I am a proud member of the legal profession. The profession has traditions and responsibilities, and honorable lawyers take those seriously.
I write a syndicated column for the Levison Group, called under analysis ™. The topic came up this week that lawyers are just marketers, and it rankled me. Here is what newspapers around the country got from me for my monthly column.
Look, Up in the Sky, It’s a Pterodactyl. It’s a Biplane. It’s Middle-Aged Legal Guy.
It’s unusually quiet in the Levison Towers this weekend, and I haven’t turned on the radio. It’s no secret that I’m a big fan of Prairie Home Companion. I was sad to learn that sound effects guy Tom Keith passed away. When my boys were younger, they would ride with me to the office on weekend days and listen to Prairie Home in the car. The sound effects were their favorite part of the stories and skits. Keith’s passing made me think about how old my boys have gotten, which reminded me that I too am getting older. Middle-Aged Legal Guy sat at my desk this weekend.
Middle-aged Legal Guy is my alter ego.

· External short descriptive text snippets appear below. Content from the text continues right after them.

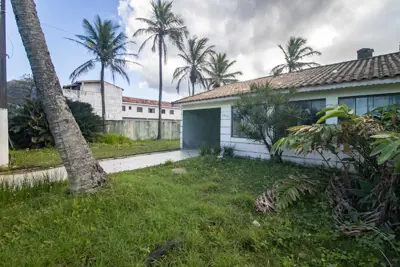 Casa - Térrea com 2 dormitórios (sendo 2 suite(s)) a 0,00 metros praia.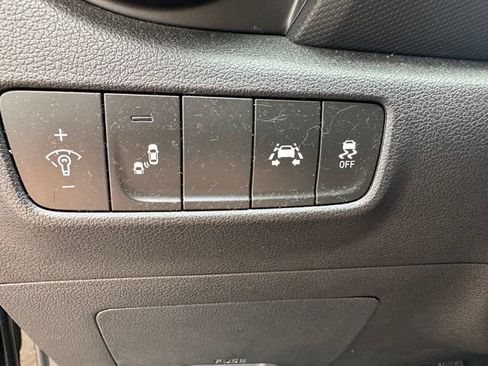 Used 2020 Hyundai Kona SEL AWD/4WD image 21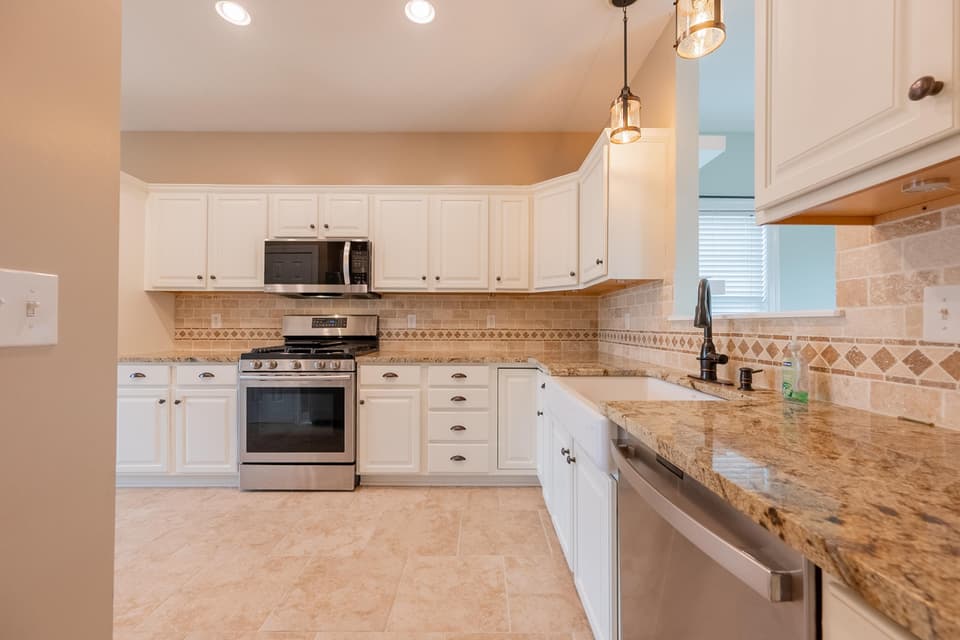 305 Meadow Drive, photo 12 of 40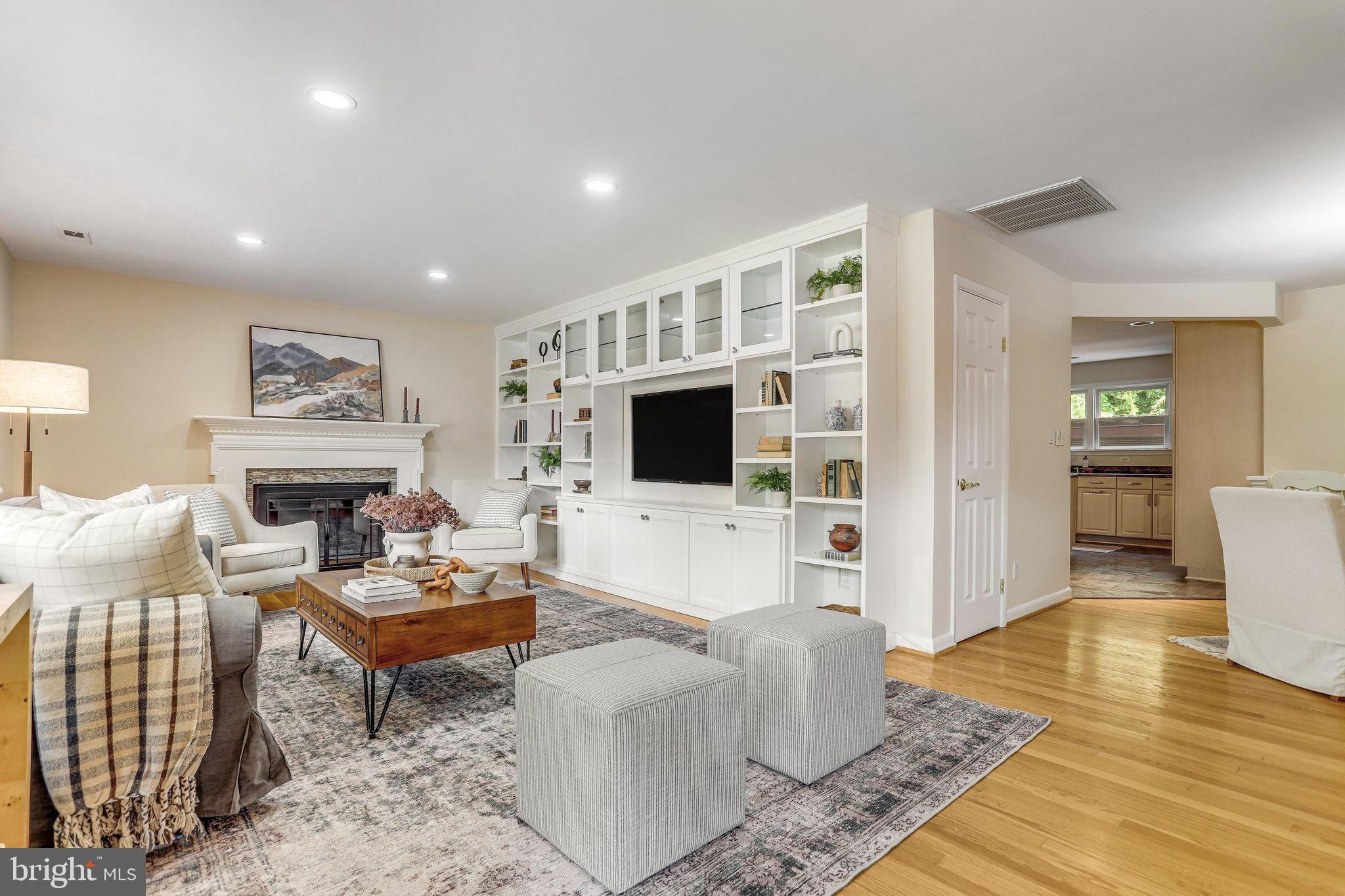 2617 STEVENS STREET N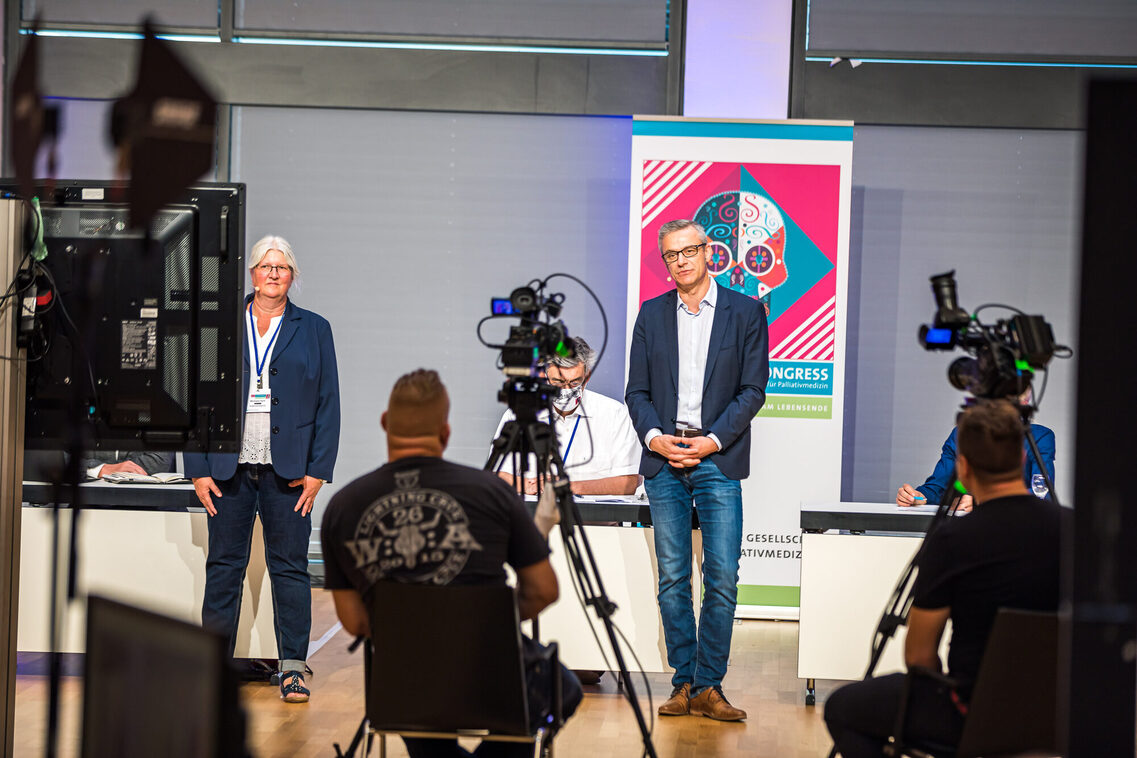 Terrace hall hybrid congress Corona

He’s the voice I channel anytime a sentence begins, “I remember back when…” He’s the grumpy old man who sits in my seat and complains about the tactics of opposing counsel. He’s the fuddy-duddy who doesn’t think his mentors are as fuddy-duddy-ish as I used to.
I had a conversation with a lawyer on Facebook who teaches other lawyers how to create webpages and content for their websites. I’ve tried to make my website prominent ever since Mr. Gore invented those internets. But my friend said something this week that started a discussion which put Middle-Aged Legal Guy’s teeth on edge.
“Lawyers are just marketers who sell legal services.” That line brought out the cape and tights in a hurry.
Middle-Aged Legal Guy was more than a little miffed. “Lawyers who believe that are writing the obituary for our profession. We should be something more than plumbers or car salesman chasing business,” he said.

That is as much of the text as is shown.